The following shows the overall architecture of the solution.

Architecture

Design Considerations

  • Data Transformation logic belongs in packages, not Notebooks
    • All main data transformation code should be packaged up within a Python package/JAR/etc. These packages are then uploaded to DBFS and installed on a specifically configured cluster, along with all other third-party dependencies (ei. azure-cosmosdb-spark jar). Notebooks then simply import the package(s) and calls any relevant functions. Effectively, Notebooks become a lightweight wrapper around the packages. This ensures seperation of concerns and promotes code reuse, testability, and code quality.
  • Data should be tested
    • Two different tests should be performed:
      • Structure (Is the data in the expected shape / schema?)
      • Content (Are there unexpected nulls? Are the summary statistics in expected ranges?)
  • Data should have lineage
    • Just as application deployments should have lineage in order to track which code commit produced which artifacts and deployments, each final loaded data record should be tagged with the appropriate ETL pipeline run id. Not only does this ensure traceability, it also helps with recovery from any potential failed / half-run data loads.

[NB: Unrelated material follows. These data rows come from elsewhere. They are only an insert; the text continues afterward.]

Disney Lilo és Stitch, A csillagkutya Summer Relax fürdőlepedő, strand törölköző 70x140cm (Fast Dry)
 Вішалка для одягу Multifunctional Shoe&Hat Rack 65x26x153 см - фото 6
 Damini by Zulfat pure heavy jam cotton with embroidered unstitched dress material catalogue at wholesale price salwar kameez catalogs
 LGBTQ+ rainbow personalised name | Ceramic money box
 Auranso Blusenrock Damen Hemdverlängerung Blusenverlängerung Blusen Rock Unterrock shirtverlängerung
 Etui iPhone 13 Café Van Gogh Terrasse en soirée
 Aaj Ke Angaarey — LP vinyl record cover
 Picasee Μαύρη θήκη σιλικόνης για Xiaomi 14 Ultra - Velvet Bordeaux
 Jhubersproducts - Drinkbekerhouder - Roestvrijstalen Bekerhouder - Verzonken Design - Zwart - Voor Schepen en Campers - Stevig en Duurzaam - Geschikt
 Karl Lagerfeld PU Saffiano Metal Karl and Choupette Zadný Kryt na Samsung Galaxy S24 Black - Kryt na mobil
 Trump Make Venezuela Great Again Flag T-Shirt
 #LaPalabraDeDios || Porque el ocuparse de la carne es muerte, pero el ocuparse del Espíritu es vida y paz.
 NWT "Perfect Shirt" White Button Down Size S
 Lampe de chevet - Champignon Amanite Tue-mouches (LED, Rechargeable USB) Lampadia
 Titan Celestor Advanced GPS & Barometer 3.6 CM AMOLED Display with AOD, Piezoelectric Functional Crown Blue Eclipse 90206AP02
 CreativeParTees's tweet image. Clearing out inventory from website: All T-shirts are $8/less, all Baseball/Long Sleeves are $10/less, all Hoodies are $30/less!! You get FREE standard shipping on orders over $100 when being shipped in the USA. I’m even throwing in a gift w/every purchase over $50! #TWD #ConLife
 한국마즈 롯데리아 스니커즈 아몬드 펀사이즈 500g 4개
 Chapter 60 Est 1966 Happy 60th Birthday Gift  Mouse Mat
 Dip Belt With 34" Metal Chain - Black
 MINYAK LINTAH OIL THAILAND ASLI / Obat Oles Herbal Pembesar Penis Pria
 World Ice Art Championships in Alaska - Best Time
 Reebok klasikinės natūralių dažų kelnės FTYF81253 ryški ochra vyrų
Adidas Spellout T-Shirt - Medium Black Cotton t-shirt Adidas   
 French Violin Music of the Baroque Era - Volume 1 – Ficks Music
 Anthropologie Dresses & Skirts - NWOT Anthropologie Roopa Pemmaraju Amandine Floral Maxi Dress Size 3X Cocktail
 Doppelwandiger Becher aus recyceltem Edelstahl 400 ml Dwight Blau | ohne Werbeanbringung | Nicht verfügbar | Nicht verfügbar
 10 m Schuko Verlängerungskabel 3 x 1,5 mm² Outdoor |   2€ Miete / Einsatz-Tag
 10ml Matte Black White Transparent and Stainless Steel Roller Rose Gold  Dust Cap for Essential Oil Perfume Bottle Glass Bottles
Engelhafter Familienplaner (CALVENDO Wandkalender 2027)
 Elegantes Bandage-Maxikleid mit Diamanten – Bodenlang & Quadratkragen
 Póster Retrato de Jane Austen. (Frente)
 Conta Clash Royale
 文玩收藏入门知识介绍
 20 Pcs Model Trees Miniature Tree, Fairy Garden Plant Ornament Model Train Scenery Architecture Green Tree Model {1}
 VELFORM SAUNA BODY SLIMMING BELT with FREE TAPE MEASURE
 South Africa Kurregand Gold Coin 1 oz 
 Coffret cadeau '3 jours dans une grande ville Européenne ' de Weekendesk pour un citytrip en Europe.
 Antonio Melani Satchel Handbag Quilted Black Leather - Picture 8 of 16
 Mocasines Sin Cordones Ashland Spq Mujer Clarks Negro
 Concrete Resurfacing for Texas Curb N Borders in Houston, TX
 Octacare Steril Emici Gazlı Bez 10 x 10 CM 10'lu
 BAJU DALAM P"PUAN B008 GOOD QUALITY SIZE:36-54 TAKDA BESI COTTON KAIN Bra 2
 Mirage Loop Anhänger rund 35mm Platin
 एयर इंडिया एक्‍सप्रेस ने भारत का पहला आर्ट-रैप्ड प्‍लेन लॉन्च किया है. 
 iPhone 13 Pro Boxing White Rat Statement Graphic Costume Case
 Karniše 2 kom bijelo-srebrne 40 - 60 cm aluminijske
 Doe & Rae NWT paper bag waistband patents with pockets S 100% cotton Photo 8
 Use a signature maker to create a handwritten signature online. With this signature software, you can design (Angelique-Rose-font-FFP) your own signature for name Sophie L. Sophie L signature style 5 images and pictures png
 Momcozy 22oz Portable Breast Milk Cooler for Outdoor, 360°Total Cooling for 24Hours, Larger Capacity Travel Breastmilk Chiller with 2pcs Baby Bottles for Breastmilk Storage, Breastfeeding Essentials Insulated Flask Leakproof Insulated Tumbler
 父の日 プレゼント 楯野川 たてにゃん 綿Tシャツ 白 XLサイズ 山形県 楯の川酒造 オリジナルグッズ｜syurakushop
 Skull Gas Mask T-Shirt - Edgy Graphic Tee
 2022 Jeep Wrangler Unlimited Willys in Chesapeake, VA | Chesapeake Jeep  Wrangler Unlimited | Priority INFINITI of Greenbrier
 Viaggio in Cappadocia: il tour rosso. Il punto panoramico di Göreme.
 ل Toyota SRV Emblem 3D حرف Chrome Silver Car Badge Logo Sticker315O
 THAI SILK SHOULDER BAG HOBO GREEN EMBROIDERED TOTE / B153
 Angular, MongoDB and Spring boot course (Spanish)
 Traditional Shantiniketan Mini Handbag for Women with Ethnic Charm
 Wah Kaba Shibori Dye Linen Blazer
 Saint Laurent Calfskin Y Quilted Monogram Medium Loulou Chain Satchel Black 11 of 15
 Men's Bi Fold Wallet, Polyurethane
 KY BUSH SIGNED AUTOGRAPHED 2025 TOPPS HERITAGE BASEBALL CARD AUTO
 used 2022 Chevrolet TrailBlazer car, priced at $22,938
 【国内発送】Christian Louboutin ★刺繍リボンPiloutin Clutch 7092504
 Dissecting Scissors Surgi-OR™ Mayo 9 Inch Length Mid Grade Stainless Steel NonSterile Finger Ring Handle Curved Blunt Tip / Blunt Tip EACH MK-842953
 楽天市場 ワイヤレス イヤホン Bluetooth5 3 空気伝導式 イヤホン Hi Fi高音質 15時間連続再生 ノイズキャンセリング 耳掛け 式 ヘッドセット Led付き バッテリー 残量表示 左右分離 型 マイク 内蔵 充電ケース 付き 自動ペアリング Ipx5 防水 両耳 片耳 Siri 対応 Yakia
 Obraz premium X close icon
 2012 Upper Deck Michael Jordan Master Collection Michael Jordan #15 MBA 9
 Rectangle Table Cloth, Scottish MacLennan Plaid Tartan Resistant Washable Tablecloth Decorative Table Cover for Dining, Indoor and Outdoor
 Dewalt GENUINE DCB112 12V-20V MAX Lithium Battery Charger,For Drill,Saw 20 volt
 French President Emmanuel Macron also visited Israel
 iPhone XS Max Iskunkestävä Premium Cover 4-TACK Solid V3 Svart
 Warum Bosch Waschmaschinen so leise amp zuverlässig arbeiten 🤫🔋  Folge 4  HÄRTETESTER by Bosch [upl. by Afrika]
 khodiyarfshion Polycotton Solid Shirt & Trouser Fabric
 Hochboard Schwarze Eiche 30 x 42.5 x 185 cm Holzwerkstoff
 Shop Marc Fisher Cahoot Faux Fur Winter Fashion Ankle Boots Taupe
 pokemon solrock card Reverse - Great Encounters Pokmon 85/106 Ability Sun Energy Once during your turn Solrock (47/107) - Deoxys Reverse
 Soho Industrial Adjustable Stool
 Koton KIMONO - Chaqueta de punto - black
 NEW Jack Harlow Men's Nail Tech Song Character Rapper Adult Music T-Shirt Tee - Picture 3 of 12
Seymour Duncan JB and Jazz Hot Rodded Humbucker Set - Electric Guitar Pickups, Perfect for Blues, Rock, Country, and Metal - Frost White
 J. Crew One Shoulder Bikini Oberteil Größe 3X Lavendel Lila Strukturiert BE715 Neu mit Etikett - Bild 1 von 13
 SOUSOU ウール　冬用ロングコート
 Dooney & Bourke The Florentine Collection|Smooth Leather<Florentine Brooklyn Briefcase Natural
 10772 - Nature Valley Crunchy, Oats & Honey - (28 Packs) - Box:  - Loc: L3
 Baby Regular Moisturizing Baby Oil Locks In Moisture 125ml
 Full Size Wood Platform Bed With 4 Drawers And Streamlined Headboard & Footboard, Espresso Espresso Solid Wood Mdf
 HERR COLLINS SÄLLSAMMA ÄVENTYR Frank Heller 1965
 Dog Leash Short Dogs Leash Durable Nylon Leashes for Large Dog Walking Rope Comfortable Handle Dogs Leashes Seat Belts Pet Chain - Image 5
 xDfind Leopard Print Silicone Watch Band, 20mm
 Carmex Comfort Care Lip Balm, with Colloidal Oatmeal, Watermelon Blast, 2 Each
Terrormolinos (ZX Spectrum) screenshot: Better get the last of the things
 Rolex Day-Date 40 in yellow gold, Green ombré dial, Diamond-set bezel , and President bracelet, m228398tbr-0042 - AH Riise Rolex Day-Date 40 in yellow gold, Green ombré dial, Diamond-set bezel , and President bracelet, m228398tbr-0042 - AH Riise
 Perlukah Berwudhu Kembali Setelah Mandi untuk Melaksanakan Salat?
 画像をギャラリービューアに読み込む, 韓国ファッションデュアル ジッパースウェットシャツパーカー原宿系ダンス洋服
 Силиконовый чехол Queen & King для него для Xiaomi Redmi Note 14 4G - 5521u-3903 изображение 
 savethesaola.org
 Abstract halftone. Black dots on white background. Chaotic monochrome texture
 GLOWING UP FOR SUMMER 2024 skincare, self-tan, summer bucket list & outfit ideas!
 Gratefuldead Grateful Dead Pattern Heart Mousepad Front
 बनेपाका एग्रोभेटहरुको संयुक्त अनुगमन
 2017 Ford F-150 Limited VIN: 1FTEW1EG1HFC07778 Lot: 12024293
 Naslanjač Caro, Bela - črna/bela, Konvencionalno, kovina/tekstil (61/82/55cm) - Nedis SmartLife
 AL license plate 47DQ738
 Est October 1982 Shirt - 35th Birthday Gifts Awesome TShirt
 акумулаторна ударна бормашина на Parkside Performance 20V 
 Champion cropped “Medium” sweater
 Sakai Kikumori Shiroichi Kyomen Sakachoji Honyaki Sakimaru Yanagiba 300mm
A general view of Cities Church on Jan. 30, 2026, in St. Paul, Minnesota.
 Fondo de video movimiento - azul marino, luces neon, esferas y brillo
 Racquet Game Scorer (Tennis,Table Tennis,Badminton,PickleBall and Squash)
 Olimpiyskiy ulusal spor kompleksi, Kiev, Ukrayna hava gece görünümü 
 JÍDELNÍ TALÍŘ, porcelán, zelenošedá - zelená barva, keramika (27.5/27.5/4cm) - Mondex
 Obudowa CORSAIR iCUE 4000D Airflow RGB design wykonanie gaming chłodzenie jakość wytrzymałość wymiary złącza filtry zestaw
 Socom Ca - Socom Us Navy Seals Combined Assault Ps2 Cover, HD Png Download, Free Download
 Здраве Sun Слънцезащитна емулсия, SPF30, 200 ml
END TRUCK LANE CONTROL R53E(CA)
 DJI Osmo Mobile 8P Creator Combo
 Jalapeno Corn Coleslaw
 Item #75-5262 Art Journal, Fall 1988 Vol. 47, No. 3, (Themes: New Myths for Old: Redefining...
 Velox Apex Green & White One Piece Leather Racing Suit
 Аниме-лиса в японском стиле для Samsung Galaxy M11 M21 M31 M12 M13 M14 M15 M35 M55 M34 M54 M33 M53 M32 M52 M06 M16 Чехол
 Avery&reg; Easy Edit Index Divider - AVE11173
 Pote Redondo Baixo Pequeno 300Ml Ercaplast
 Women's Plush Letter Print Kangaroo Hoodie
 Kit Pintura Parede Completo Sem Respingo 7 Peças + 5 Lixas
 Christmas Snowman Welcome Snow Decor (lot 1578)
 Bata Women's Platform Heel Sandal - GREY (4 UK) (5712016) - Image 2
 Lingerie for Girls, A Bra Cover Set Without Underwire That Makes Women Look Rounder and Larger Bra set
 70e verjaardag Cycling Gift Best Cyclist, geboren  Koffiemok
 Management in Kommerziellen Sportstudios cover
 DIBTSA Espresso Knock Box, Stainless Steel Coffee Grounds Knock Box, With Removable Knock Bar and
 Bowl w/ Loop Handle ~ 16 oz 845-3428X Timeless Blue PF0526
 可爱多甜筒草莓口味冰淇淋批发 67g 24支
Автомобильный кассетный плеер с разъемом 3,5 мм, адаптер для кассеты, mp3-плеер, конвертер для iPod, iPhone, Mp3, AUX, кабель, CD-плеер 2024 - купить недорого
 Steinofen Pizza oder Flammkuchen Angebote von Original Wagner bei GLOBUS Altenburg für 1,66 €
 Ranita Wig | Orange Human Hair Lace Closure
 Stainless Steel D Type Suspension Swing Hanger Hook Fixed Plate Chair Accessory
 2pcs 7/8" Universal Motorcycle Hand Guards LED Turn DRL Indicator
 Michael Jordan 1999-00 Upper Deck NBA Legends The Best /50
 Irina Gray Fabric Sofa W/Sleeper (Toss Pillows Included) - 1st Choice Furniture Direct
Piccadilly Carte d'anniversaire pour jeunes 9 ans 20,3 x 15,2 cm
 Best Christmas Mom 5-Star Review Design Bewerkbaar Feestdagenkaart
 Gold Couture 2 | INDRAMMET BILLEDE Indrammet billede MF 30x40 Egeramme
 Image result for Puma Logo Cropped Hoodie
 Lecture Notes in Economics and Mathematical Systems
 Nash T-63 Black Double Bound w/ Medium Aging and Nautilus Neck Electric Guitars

Build and Release Pipeline

The following shows the overall CI/CD process end to end.

CI/CD

Both Build and Release Pipelines are built using AzureDevOps (Public instance) and can be view using the following links:

More information here.

Environments

  • Dev - Development collaboration branch
  • QA - Environment where all integration tests are run (not yet implmented)
  • Staging/UAT - A mirror of the production job, along with state and data. Deploying to staging first give the ability to "mock" a realistic release into production.
  • Production

In addition to these environment, each developer may choose to have their own Development(s) environment for their individual use.

Testing

  • Unit Testing - Standard unit tests which tests small pieces of functionality within your code. Data transformation code should have unit tests.

  • Integration Testing - This includes end-to-end testing of the ETL pipeline.

  • Data Testing

    1. Structure - Test for correct schema, expected structure.
    2. Content - Can be tested through quantitative summary statistics and qualitative data quality graphs within the notebook.

Monitoring

Databricks

Data Factory

Deploy the solution

Pre-requisites:

  1. Github Account
  2. Azure DevOps Account + Project
  3. Azure Account

Software pre-requisites:

  1. For Windows users, Windows Subsystem For Linux
  2. az cli 2.x
  3. Python 3+
  4. databricks-cli
  5. jq

NOTE: This deployment was tested using WSL (Ubuntu 16.04) and Debian GNU/Linux 9.9 (stretch)

Deployment Instructions

  1. Fork this repository. Forking is necessary if you want to setup git integration with Azure Data Factory.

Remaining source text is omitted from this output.